Des arguments massue ? Pour tout autre que François Hollande, sans doute. Mais pour celui qui a développé une croyance tenace (on peut le comprendre) dans sa bonne étoile, rien n’est joué. « Hollande est dans le déni, il pense toujours que les choses vont s’arranger, il ira jusqu’au bout », avance Éric Coquerel, coordinateur du Parti de gauche, qui pense même que le chef de l’État finira par gagner la primaire. « Ce n’est pas quelqu’un qui remet en cause les institutions, il va donc se plier à l’usage du président “homme providentiel” qui ne saurait déchoir et qui sollicite la reconduction », parie également Rémi Lefebvre, professeur de sciences politiques à l’université Lille-II.
« Il n’a certes aucun orgueil, aucun rapport à l’histoire, reconnaît Laurent Baumel, directeur de campagne d’Arnaud Montebourg, mais il n’échappera pas à la pression intense de ses camarades, qui vont lui seriner qu’il ne peut pas prendre la responsabilité de faire perdre la gauche. » Quant à son conformisme supposé, Thomas Guénolé rappelle qu’en 2008, voyant qu’il allait échouer à sa réélection à la tête du PS, François Hollande s’était finalement résigné à soutenir Bertrand Delanoë.
Plan B
Huit ans plus tard, rebelote ? Celui qui, dit-on, n’écoute que lui-même, a annoncé qu’il prendrait sa décision au mois de décembre, pas avant. Histoire d’appréhender le rapport de force avec celui qui serait son concurrent à droite. Mais aussi de se laisser le temps d’imaginer un « plan B ». Une échappatoire qui permettrait à l’ancien premier secrétaire (1997-2008) de pouvoir s’en sortir à peu près dignement, sans être accusé d’avoir fait exploser le parti. « La situation est paradoxale au PS, indique Rémi Lefebvre.

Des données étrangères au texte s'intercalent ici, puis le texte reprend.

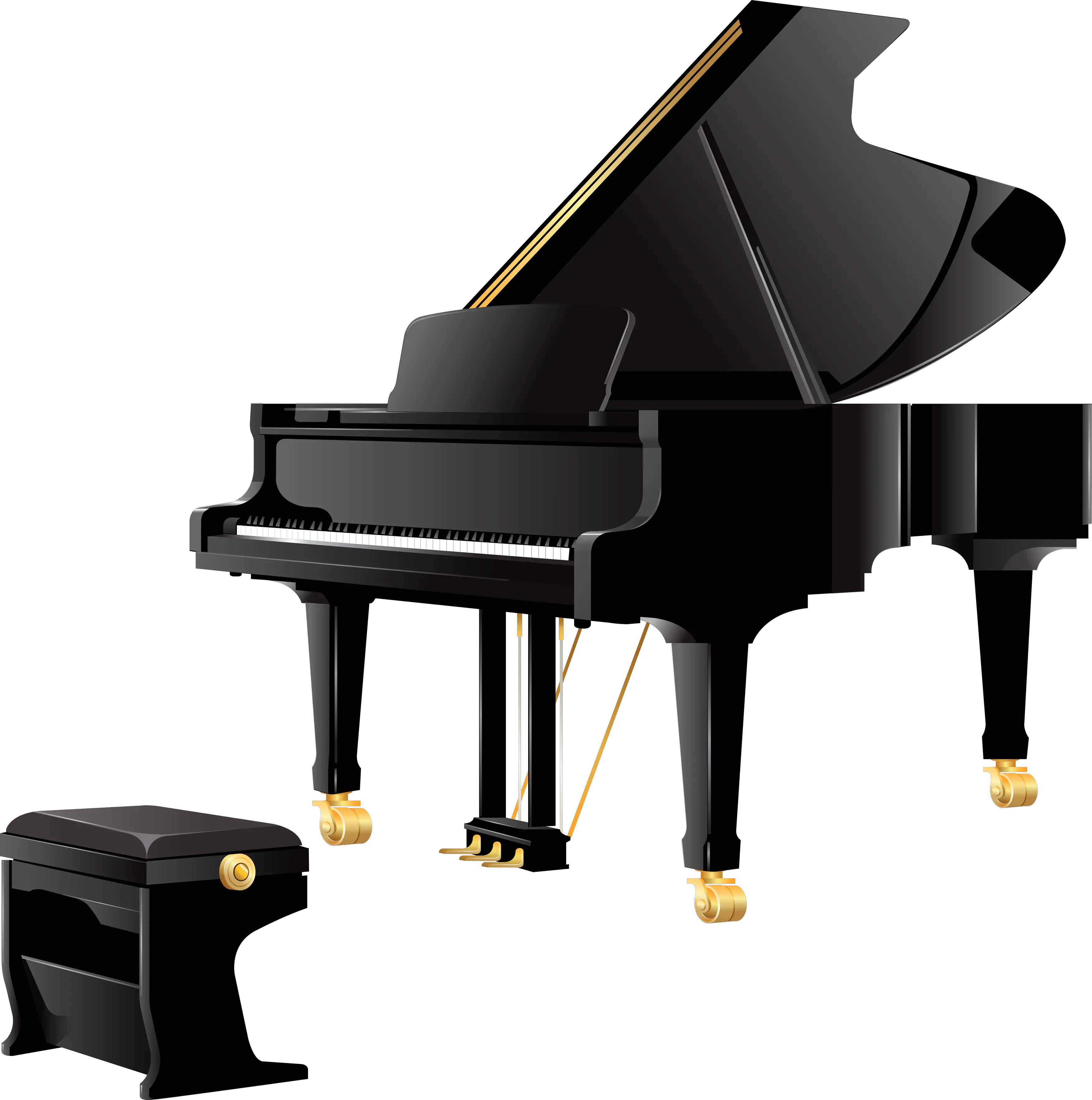 Piano PNG image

Beaucoup pensent que Hollande est un mauvais candidat mais qu’il n’y a pas de solution de rechange ou que sa candidature est préférable au chaos, et beaucoup de députés veulent sauver les meubles, le parti ou leur mandat… »
« Si Valls est candidat à la primaire à la place de Hollande, il y aura une grande explication idéologique qui pourrait coûter son existence au PS », ajoute un responsable de l’aile gauche, qui prédit que Manuel Valls refusera de se ranger derrière Arnaud -Montebourg si celui-ci gagne la primaire.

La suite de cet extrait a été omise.